Pound vs dollar slides today: Key reasons behind the decline
British Pound Sterling vs US Dollar (GBP/USD) is currently trading at $1.3319, marking a daily decline of 0.82%. The pair remains below its 20-day SMA ($1.3532), 50-day SMA ($1.3561), and 200-day SMA ($1.3422), underscoring a persistent bearish trend across short-, medium-, and long-term timeframes.
Highlights
- GBP/USD trades at $1.3319, remaining below its 20-, 50-, and 200-day SMAs, confirming sustained short-, medium-, and long-term bearish momentum.

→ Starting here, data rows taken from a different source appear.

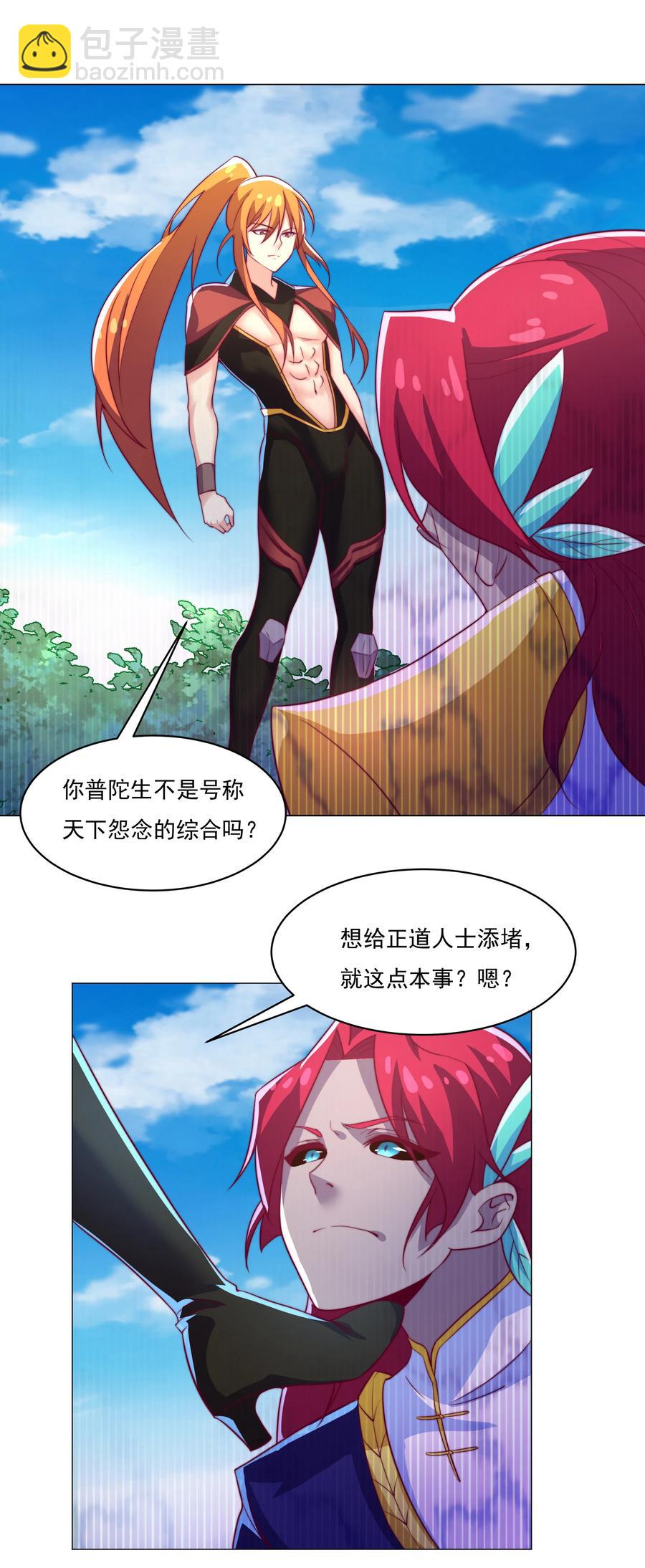 42 兄妹情-第44话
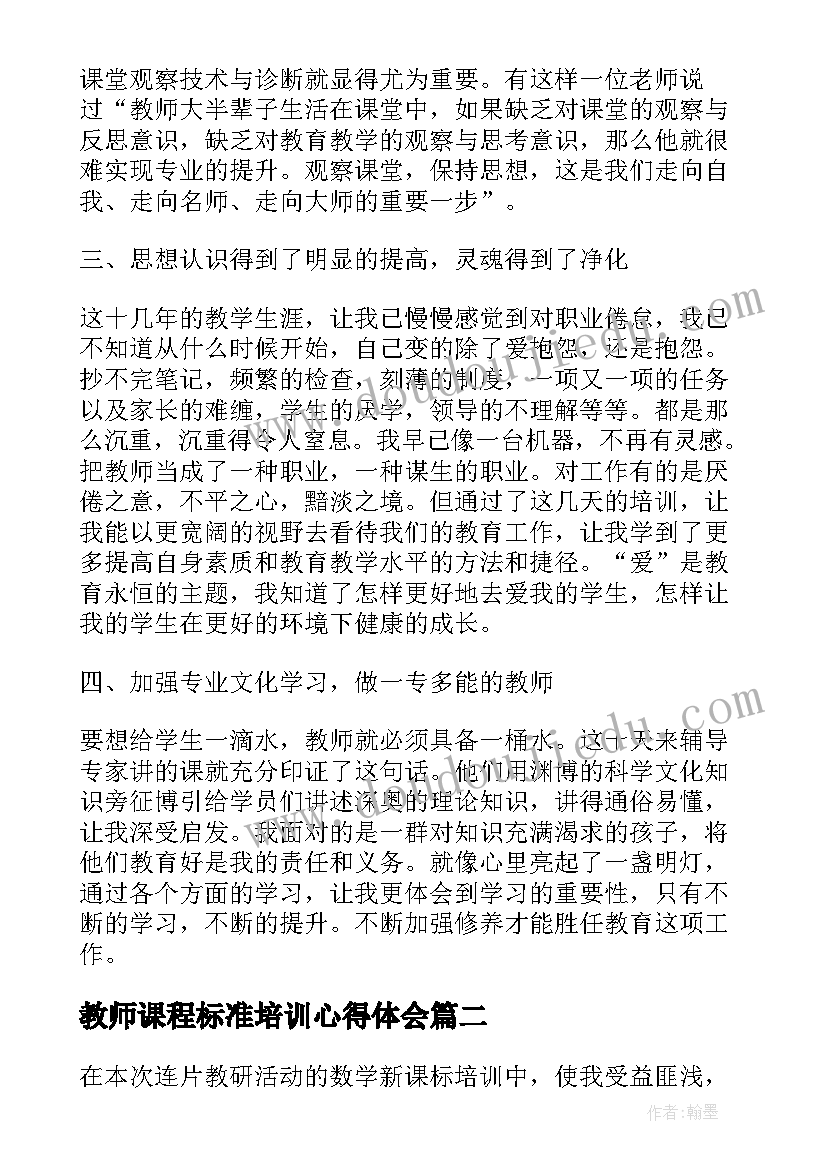 人力年终报告(精选5篇)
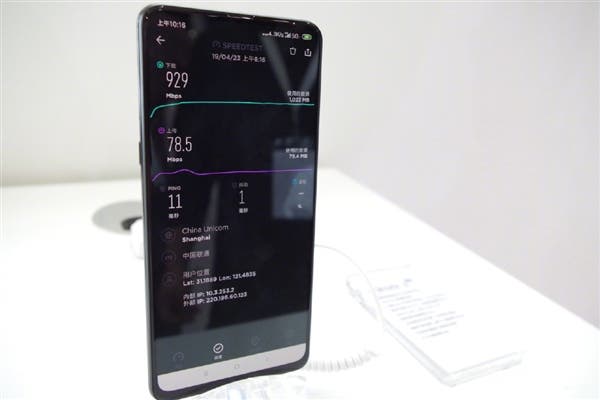 Xiaomi Mi MIX 3 5G Version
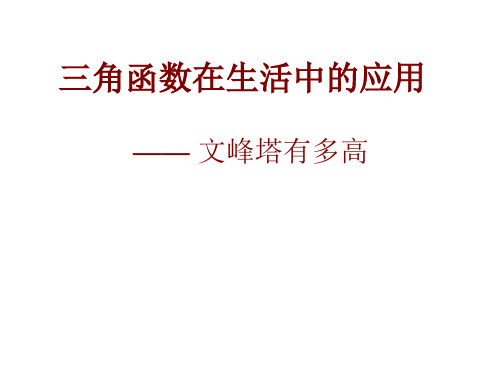 北师大版九年级下册三角函数在生活中的应用PPT精品课件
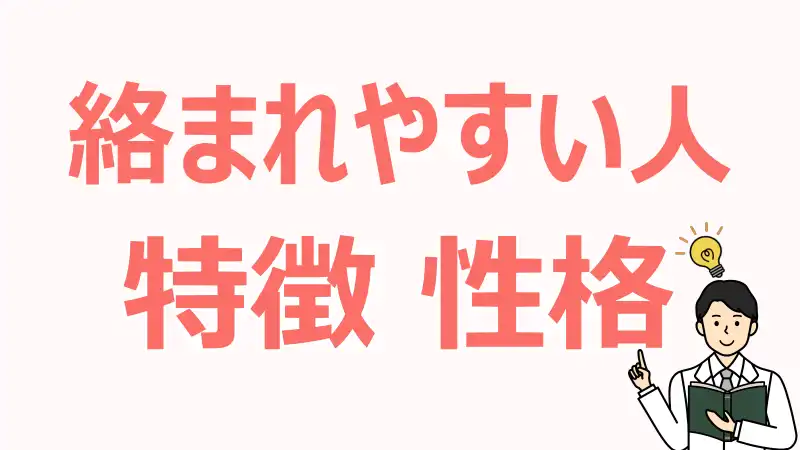 絡まれやすい人,特徴,原因,典型的,パターン,エピソード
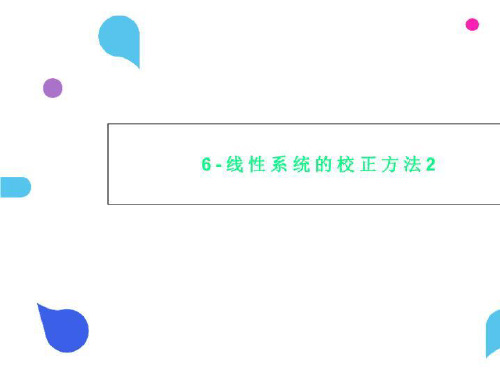 6-线性系统的校正方法2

- Momentum and oscillators are deeply oversold—daily MACD, RSI, Stoch RSI, and CCI signal stretched downside, but with no confirmed reversal yet.
- Forecasts for the next five days see a likely range of $1.3160–$1.3164, with less than 20% probability of an upside move and risk skewed toward further declines.
Oversold oscillators diverge from sustained negative momentum
The closest dynamic resistance aligns with the Ichimoku Kijun at $1.3516, while no significant support from major moving averages stands immediately below the current price. Momentum signals remain negative overall with the daily MACD in sell territory and ADX indicating a weak but clear bearish trend. The RSI sits in the low-30s, Stoch RSI is deeply oversold, and CCI is also oversold, confirming an overstretched downside but not yet a reversal. Intraday sellers dominate, as reflected in negative BBP, and the Awesome Oscillator’s sell signal aligns with this trend. After a small gap lower at the open, price continued to slide — now trading near the low end of today’s range, with overall volatility moderate. The intraday tone shows consistent pressure following the open. Oscillators are deeply oversold while momentum remains negative, registering a divergence that may signal reduced downside acceleration ahead but not reversal.
Last time, analysts noted that GBP/USD is trading below all key moving averages with persistent selling pressure, as negative momentum indicators such as MACD, ADX, and oversold oscillators reinforce the bearish trend. The pair remains under immediate resistance at the Kijun and near support at the MA-200, with downside risks heightened and no clear signs of reversal despite oversold technical readings.